**AIM OF THE EXERCISE**: Find the line below with "Mario Vargas Llosa" and the line with "Bed in Casa Cuyo Hotel". Output them and the lines between, exactly, but not the pictures.

*** Opening of DATA FOR PROCESSING ***

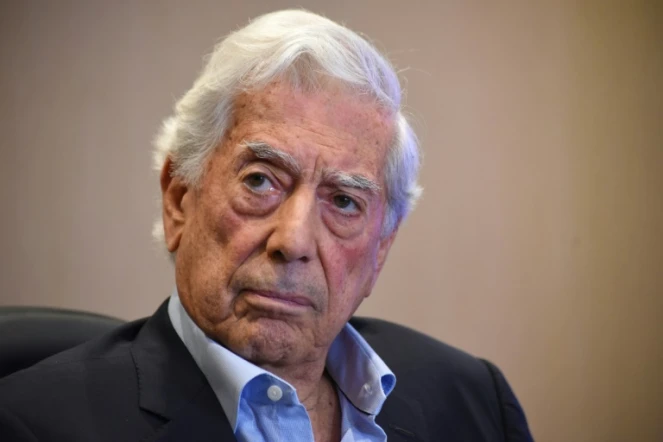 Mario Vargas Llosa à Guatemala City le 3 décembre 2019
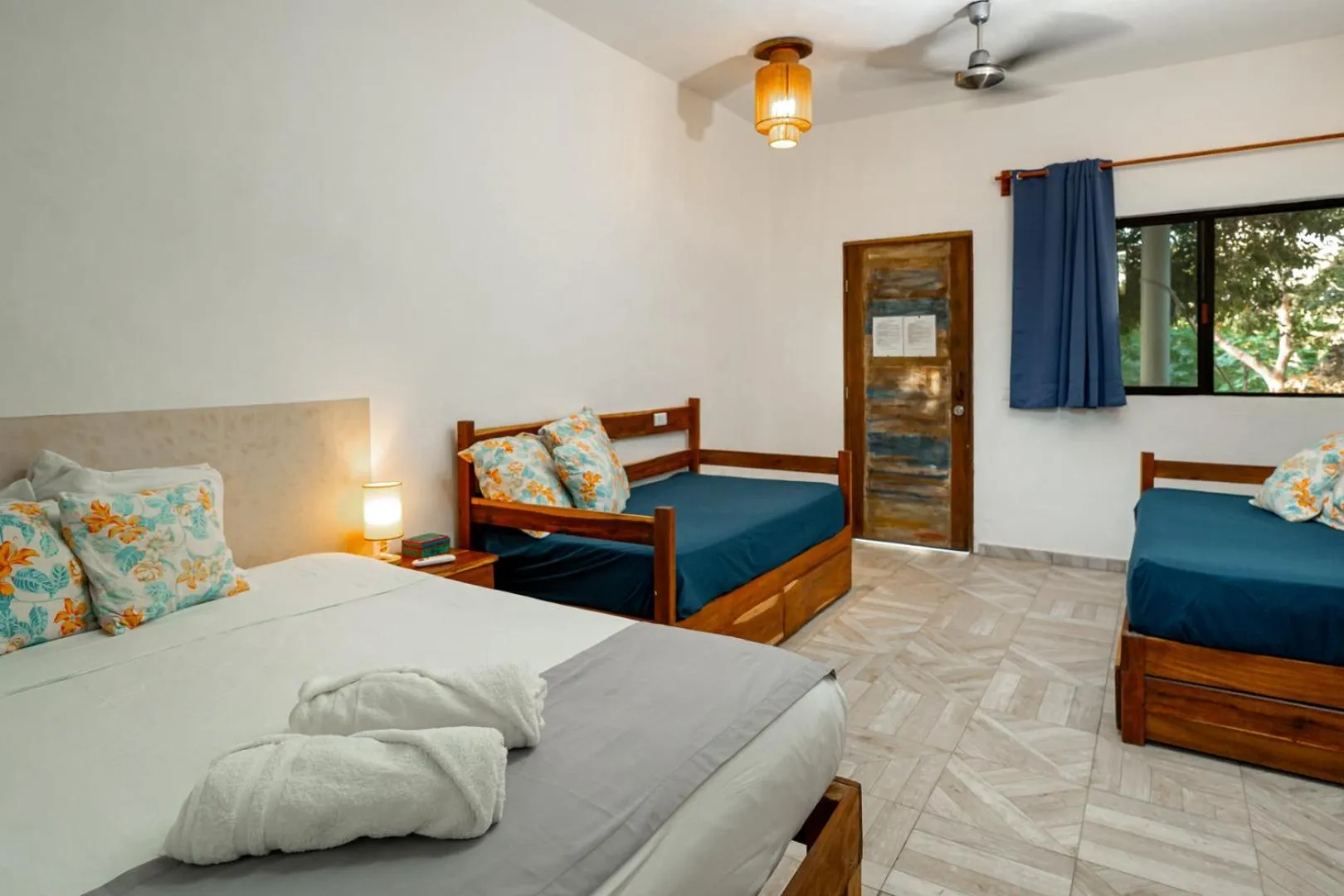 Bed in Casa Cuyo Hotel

*** Close of DATA FOR PROCESSING ***
*** Opening of DATA FOR PROCESSING ***

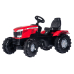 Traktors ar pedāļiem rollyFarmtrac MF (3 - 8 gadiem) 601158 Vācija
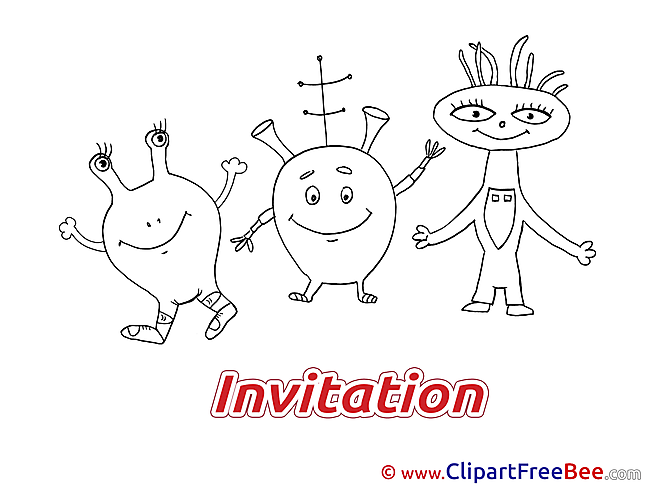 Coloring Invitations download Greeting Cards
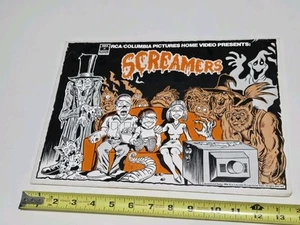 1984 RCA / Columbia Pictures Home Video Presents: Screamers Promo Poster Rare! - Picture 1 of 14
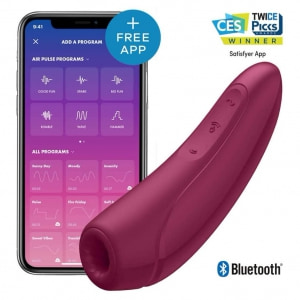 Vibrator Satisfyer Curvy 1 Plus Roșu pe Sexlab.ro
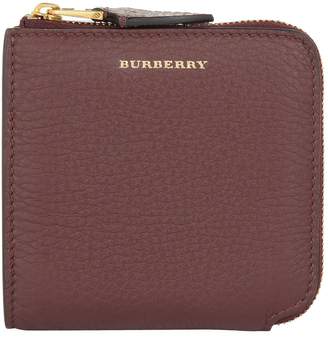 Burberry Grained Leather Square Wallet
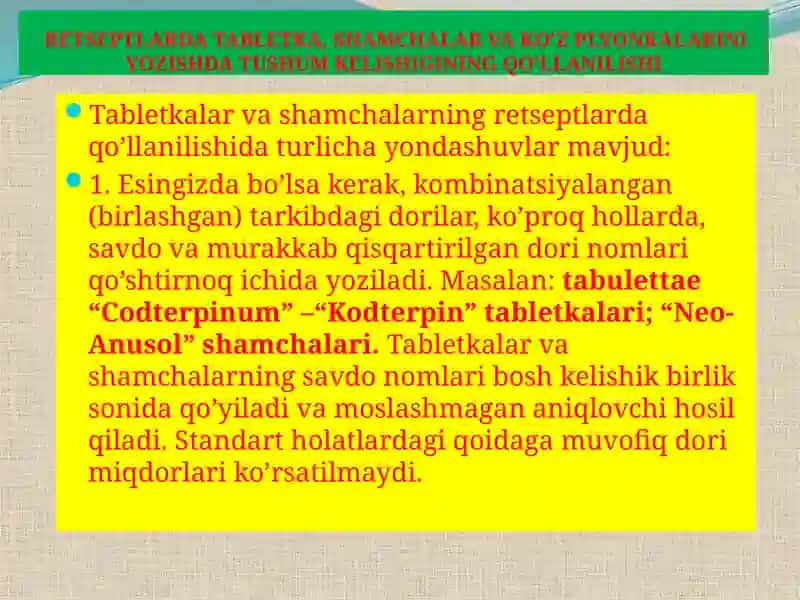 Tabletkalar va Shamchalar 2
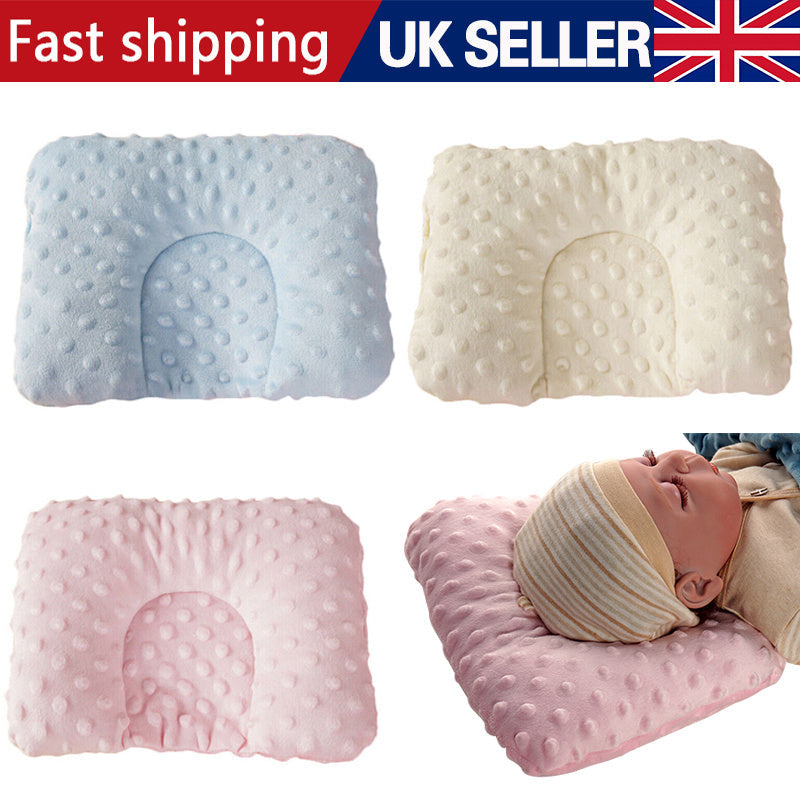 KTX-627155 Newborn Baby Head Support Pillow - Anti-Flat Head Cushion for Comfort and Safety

*** Close of DATA FOR PROCESSING ***
*** Opening of DATA FOR PROCESSING ***

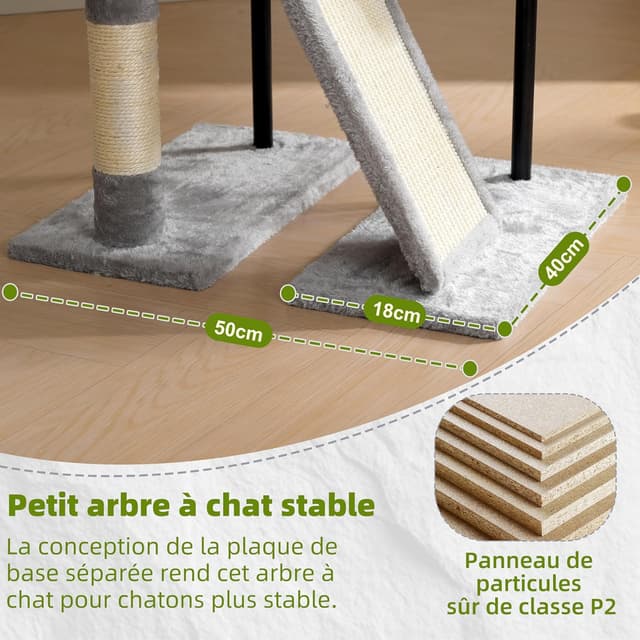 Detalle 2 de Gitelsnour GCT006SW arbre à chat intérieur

*** Close of DATA FOR PROCESSING ***

**ANSWER BOX**:
 Mario Vargas Llosa à Guatemala City le 3 décembre 2019
 Bed in Casa Cuyo Hotel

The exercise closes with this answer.